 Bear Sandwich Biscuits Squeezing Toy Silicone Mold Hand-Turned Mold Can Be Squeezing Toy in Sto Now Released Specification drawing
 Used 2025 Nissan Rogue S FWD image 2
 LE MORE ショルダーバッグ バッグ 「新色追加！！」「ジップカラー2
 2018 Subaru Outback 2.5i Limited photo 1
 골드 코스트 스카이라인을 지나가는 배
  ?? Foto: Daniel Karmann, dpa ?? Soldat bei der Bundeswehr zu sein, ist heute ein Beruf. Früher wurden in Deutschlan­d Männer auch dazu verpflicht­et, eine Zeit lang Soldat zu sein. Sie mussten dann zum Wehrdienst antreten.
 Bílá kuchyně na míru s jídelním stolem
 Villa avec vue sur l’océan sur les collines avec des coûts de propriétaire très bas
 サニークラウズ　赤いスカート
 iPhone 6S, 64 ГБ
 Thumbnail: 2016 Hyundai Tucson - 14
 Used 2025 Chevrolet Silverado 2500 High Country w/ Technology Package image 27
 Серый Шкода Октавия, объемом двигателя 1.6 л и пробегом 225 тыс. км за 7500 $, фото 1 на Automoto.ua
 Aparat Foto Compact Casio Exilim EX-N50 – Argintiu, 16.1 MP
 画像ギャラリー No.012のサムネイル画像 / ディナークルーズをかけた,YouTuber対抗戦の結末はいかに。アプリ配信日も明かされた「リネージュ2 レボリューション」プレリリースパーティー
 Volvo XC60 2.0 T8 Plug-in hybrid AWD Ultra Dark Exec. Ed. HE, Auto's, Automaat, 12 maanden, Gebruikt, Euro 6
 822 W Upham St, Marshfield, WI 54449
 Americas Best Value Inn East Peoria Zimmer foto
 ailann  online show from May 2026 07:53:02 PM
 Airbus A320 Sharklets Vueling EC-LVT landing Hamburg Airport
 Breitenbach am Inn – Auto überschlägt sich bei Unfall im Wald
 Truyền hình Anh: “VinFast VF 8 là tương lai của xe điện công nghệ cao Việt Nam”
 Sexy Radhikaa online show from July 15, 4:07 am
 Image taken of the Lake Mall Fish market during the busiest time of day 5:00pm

Required action:
Scan the listing for the word "online". Copy every line in which it appears.

Response below:
 ailann  online show from May 2026 07:53:02 PM
 Sexy Radhikaa online show from July 15, 4:07 am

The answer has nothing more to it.